At present there are 19 academies and one centre of excellence amongst the clubs in the Premier League, some of which are responsible for producing some of the finest players in the country. However, of the overall 8,360 starting places for the 2007-08 Premier League season, only 3,054 (37 per cent) went to English players.

Seeing local youngsters grabbing first team opportunities can be a rewarding experience for all involved, but the greatest rewards in terms of league titles and trophies are still too often snatched away by the clubs who can afford to buy in established talent from abroad.

But while that remains the policy of many "top clubs", Middlesbrough are not alone in their efforts to maintain the identity of the English leagues. Branded "The Academy of Football", West Ham United nurtured the likes of Rio Ferdinand, Frank Lampard and Glen Johnson, who have all gone on to represent their country.

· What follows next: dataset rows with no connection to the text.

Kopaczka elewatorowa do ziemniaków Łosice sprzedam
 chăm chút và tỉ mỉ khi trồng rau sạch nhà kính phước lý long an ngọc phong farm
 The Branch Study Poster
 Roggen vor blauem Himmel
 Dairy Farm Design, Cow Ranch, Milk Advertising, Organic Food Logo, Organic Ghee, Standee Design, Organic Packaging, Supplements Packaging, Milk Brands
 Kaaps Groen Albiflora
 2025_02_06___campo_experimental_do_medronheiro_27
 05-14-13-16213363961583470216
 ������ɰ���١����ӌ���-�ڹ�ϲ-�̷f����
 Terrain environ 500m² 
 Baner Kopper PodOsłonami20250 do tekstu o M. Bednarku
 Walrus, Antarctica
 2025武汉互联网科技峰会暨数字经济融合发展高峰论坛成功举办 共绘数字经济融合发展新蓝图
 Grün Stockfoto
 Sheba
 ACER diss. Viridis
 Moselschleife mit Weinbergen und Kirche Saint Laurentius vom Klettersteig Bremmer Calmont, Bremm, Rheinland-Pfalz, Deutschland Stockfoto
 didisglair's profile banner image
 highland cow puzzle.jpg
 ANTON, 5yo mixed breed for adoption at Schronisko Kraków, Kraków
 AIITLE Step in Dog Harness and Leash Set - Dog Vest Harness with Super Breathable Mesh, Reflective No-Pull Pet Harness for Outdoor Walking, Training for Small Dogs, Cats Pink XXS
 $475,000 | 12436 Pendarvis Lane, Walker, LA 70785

As well as bringing in world-class players from around the globe, Manchester United boss Sir Alex Ferguson has been churning out locally trained players for the last 18 years, most recently handing opportunities to United Academy graduates Danny Welbeck and Northern Ireland's Johnny Evans.

Sir Alex's successes in this regard are part of a long United tradition. Indeed the club's top five appearance makers - Sir Bobby Charlton, Bill Foulkes, Paul Scholes, Gary Neville and Welshman Ryan Giggs - are all products of the club's youth system.

Having already lent his personal backing to the aims of 6+5, Sir Alex is perhaps the finest example of a coach who has realised the merits of combining local heroes with big name imports, ably demonstrating the way English clubs can continue to prosper while maintaining their historic identities.